What is ‘free’, what does ‘open’ mean? We’d like to share this brief @-mail conversation, that took place in late october 2013 between r0g_team and two r0g_friends.
(A:) I just wonder about the meaning of Open Source material and stuff, are they neccessarially free stuff? If so, it bothers me how do the people getting involved into this revolution make things happen with this world stress financial and economic crisis? I am afraid; this might make the little understanding I have about ‘Open x x x x… things’ appears very stupid, but I really want to (learn) more things everyday about Open source.

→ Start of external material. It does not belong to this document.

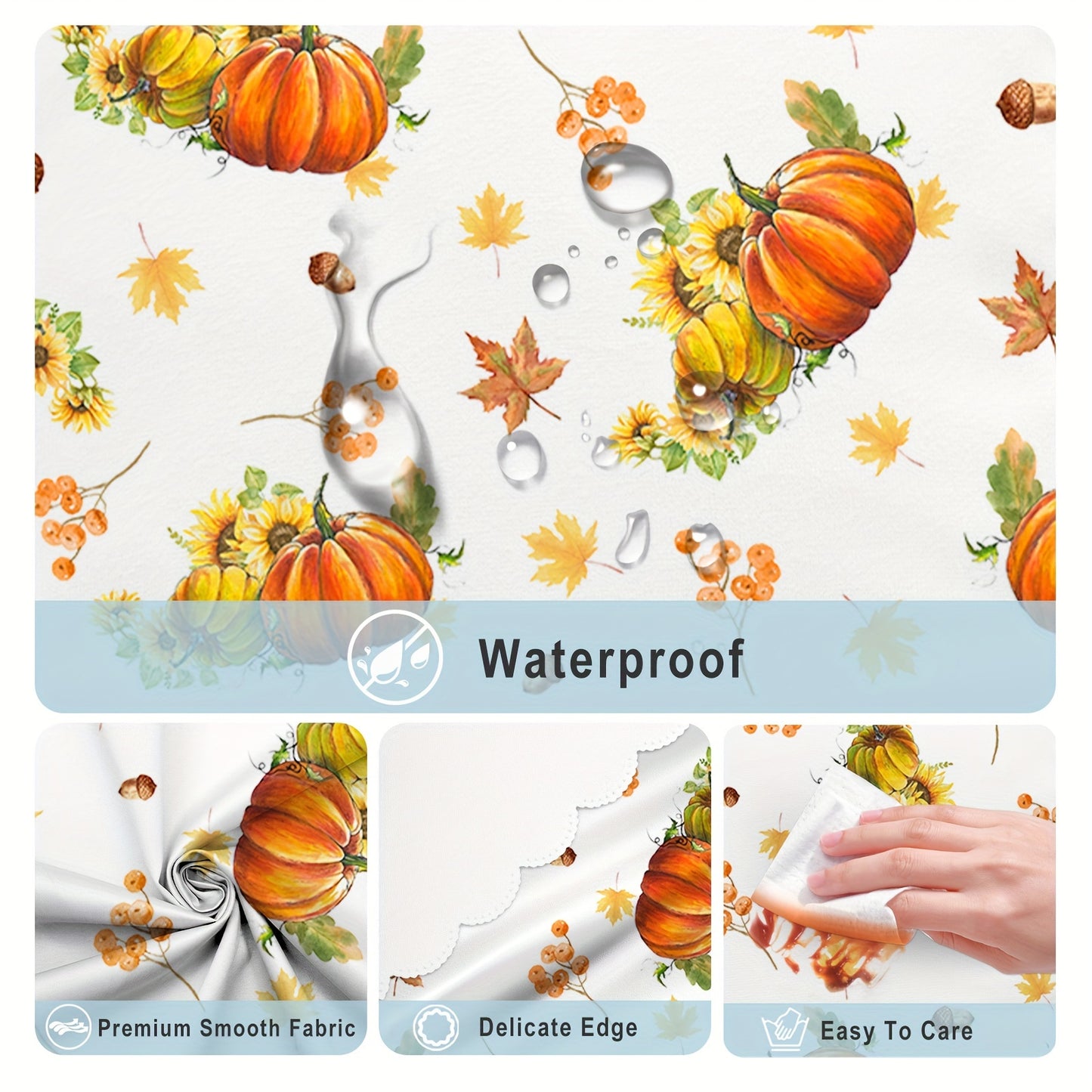 1pc, Round Tablecloth, Autumn Leaf Thanksgiving Pumpkin Table Cloth, Fall Tablecover, Waterproof Stain Wrinkle Free, Circle Tablecloth, Indoor And Outdoor Table Cover, For Home Kitchen Dining Party Decoration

there is a bit of difference between free and open … While in general open source licenses are and should be free, the free refers more to ‘free’ as in ‘freedom’ to use, share, build upon, and develop new creations with it. The issue can get a bit dogmatic at times, and for example, ‘open data’, or ‘open educational resources / OER’ are both free and open for public use, but are not ‘open source’ per se as they are not code or materiality in the same way, but are very important elements within the broader realm of ‘open systems’ scenarios. OER for example, is a vast network of public domain information and resources that are available for use in many sectors and contexts. So we talk more about ‘open systems’ or ‘open solutions’ because they are things that put the control and use of the resources in your hands (among other things). It’s a large field, and more than I can get into here in a quick mail. One of the many great things about open source (and generally free) software is that it is being designed by people and communities who can work together to make it do what you want it to, not what you are told to do with little chance to use it the way you want. It also doesn’t mean that you don’t get paid for what you do (although very often open source software is developed voluntarily, or via public / taxpayer funding), or for the products and services you sell based on open source. The scenarios of choice between open source / free vs. proprietary software become relevant when, for example, a company changes the terms or pricing of a contract/license, or when somebody finds an error with something that can then easily be fixed by a large community in a way that perhaps a closed or proprietary construct can’t. This also why open source operating systems and platforms tend to be more secure, less virus prone and more stable than, for example, Micr/soft. Open Source tools tend to be more agile, more flexible, and depending on how they are used, can be used as catalysts for new innovation (i.e. the internet itself). They also collude with systems that support freedom of expression, transparency and accountability, genuine sustainability and collaborative enterprise. There are more reasons also …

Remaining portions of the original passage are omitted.